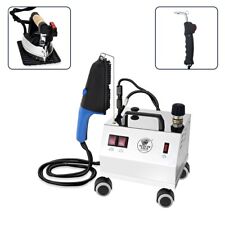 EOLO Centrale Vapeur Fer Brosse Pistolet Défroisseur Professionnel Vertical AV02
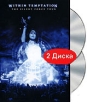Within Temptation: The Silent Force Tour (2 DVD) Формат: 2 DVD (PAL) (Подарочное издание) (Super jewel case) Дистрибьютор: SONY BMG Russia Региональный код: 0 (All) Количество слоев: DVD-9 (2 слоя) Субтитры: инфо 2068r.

* * *

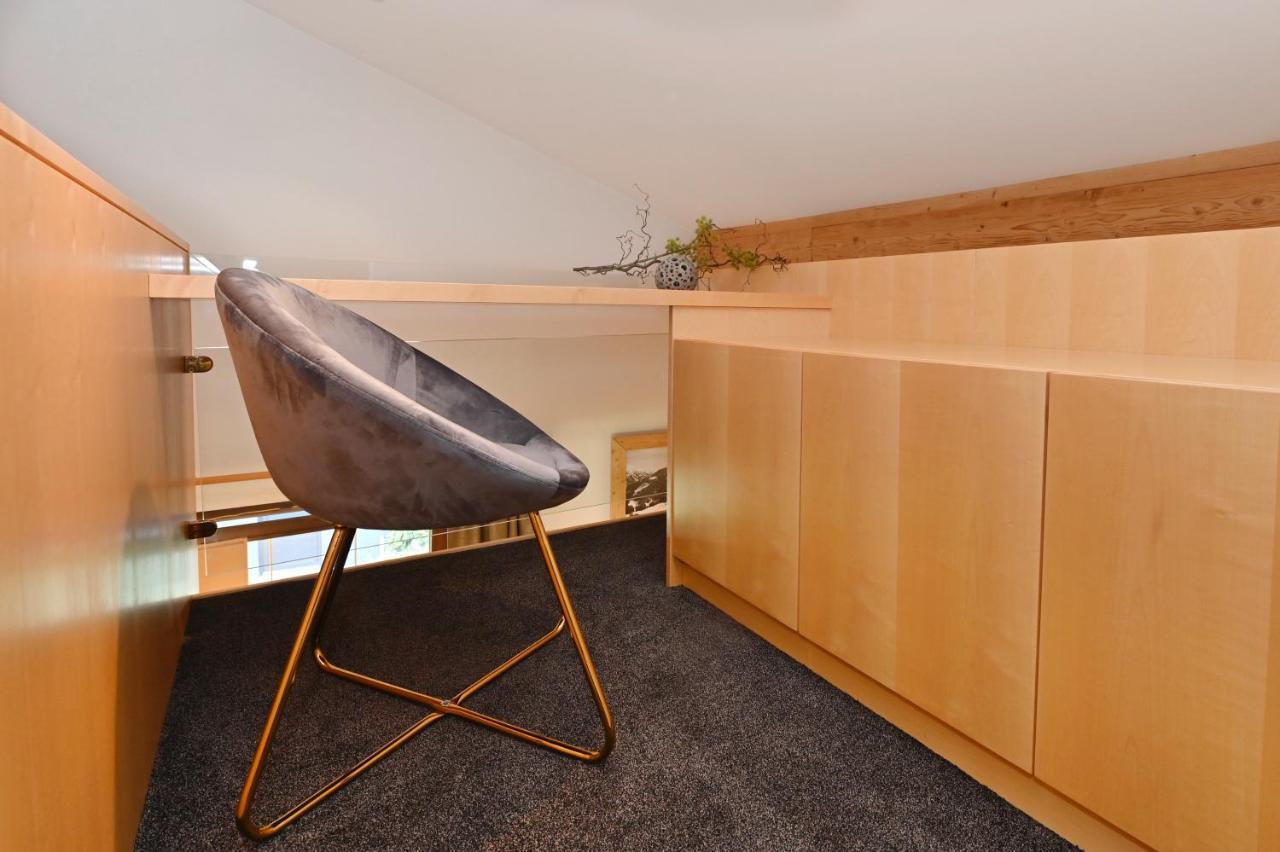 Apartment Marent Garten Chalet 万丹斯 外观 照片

---

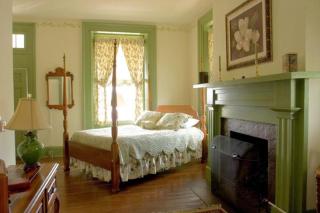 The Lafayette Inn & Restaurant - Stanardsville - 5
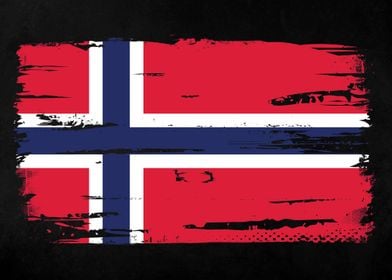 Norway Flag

— Directions —
Copy only what runs above from the line containing "The Lafayette Inn" through the line containing "Norway Flag", exactly. Leave out the pictures.

— Written response —
 The Lafayette Inn & Restaurant - Stanardsville - 5
 Norway Flag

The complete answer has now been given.